§ EXERCISE BRIEF:
Retype the listing below exactly, pictures removed.

§ MATERIAL SUPPLIED:
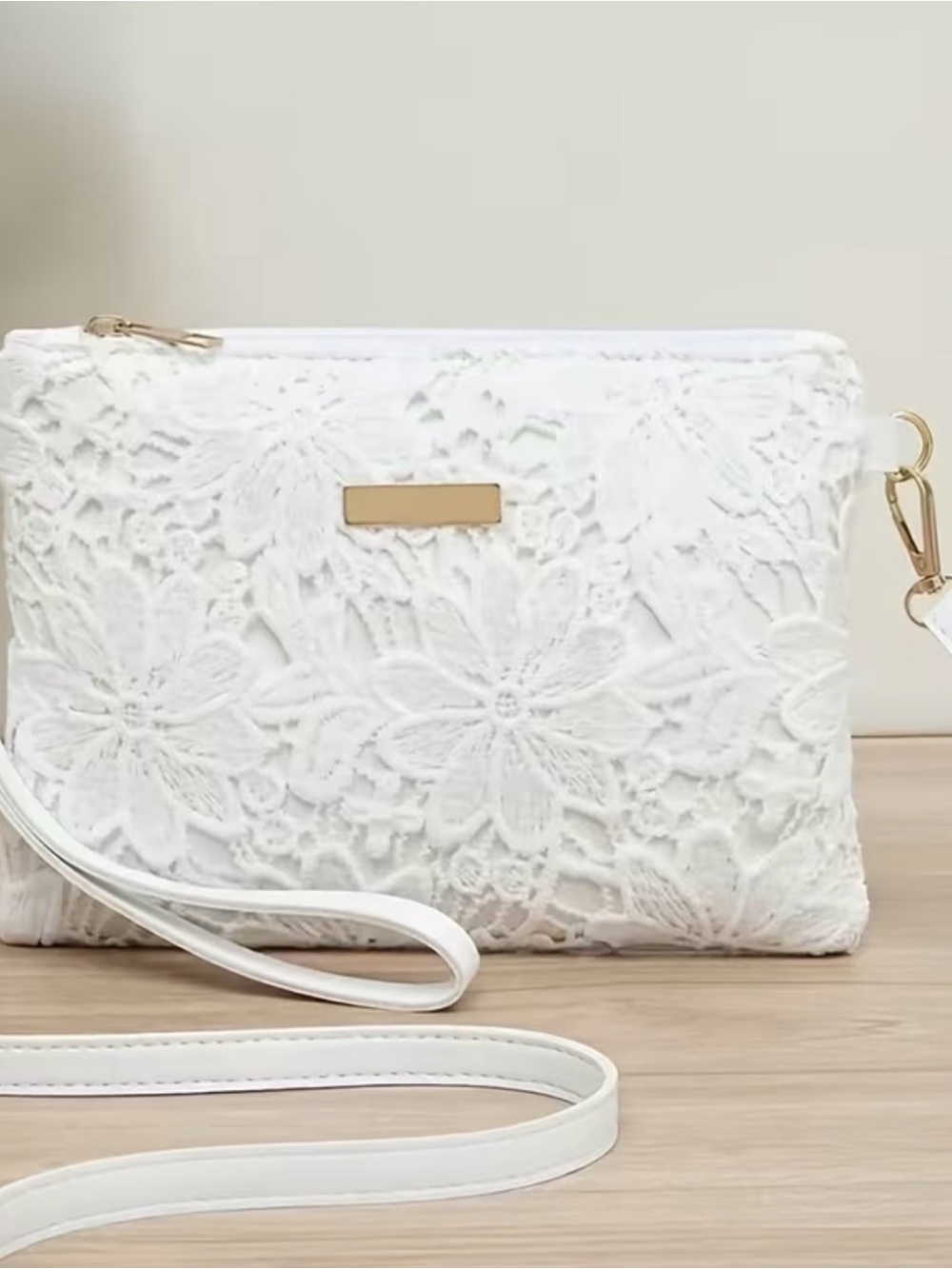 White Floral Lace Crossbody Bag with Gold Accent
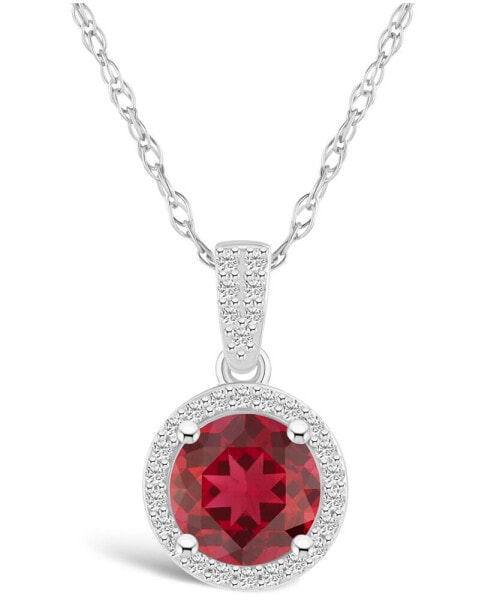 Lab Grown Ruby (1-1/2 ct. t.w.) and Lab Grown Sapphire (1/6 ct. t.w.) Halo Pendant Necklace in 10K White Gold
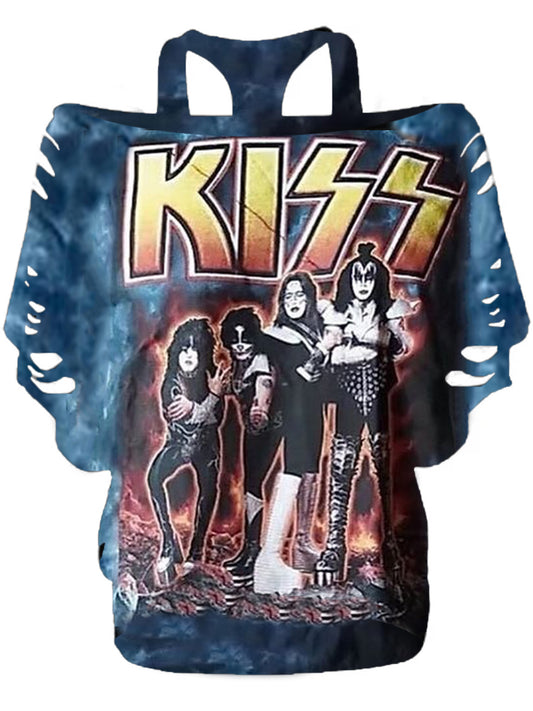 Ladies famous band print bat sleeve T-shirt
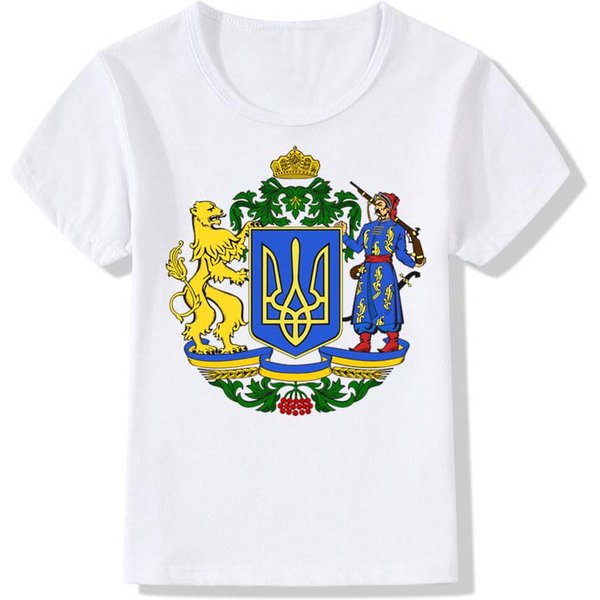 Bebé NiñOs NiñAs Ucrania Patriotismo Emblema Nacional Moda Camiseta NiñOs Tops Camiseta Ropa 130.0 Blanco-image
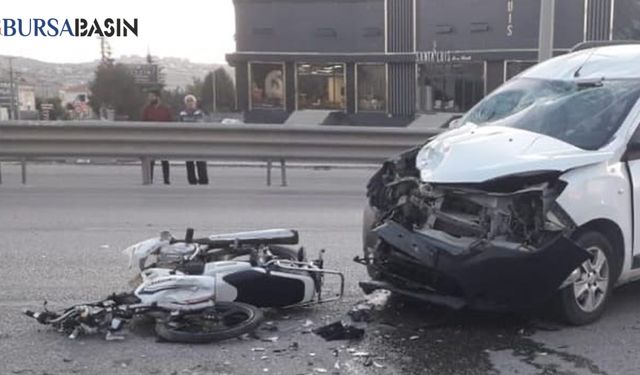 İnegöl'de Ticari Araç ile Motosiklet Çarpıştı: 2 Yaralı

§ TASK RESPONSE:
 White Floral Lace Crossbody Bag with Gold Accent
 Lab Grown Ruby (1-1/2 ct. t.w.) and Lab Grown Sapphire (1/6 ct. t.w.) Halo Pendant Necklace in 10K White Gold
 Ladies famous band print bat sleeve T-shirt
 Bebé NiñOs NiñAs Ucrania Patriotismo Emblema Nacional Moda Camiseta NiñOs Tops Camiseta Ropa 130.0 Blanco-image
 İnegöl'de Ticari Araç ile Motosiklet Çarpıştı: 2 Yaralı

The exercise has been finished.